==== MATERIAL FOR THE TASK

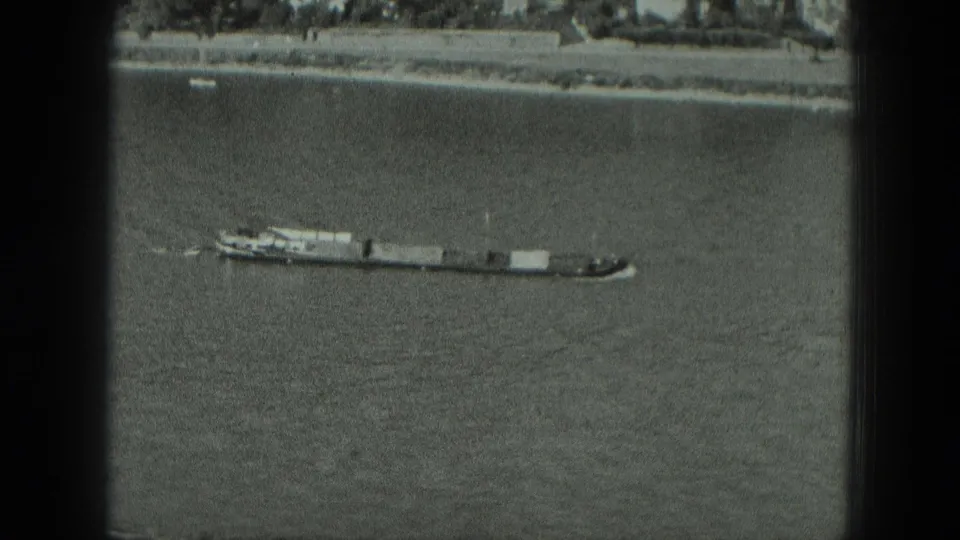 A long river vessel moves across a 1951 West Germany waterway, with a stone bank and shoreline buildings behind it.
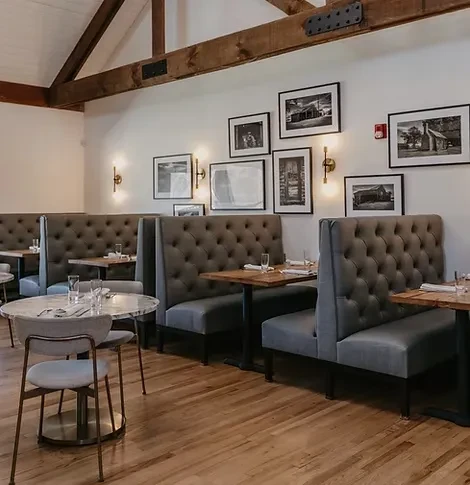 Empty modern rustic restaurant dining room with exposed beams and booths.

========
==== MATERIAL FOR THE TASK

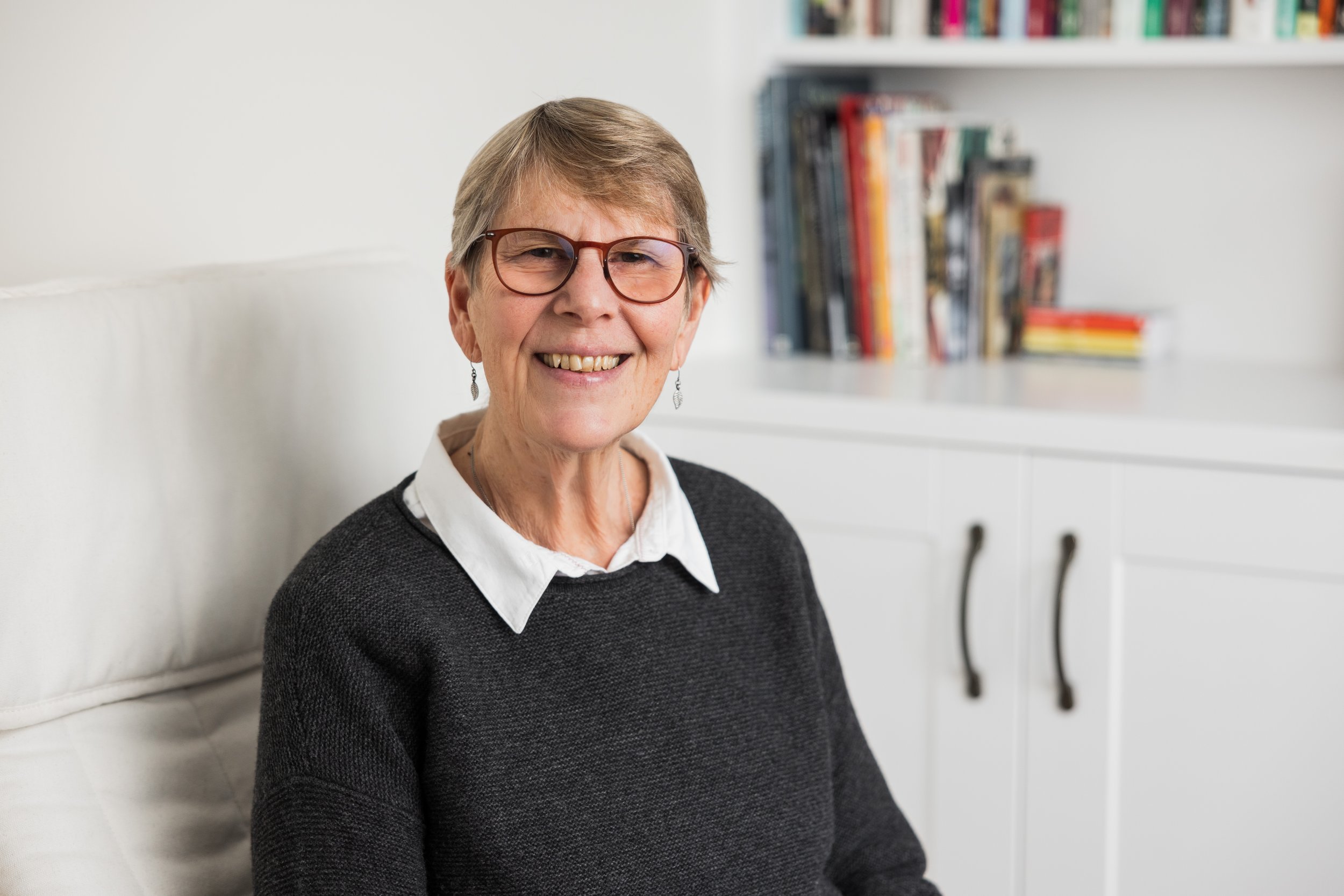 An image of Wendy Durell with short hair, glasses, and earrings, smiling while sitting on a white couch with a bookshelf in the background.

========

§ **WHAT NEEDS TO BE DONE**: In the listing above, find the line containing "A long river" and the line containing "Empty modern rustic", then output those two lines and everything between them exactly as written, without the images.

§ **EXERCISE SOLUTION**:
 A long river vessel moves across a 1951 West Germany waterway, with a stone bank and shoreline buildings behind it.
 Empty modern rustic restaurant dining room with exposed beams and booths.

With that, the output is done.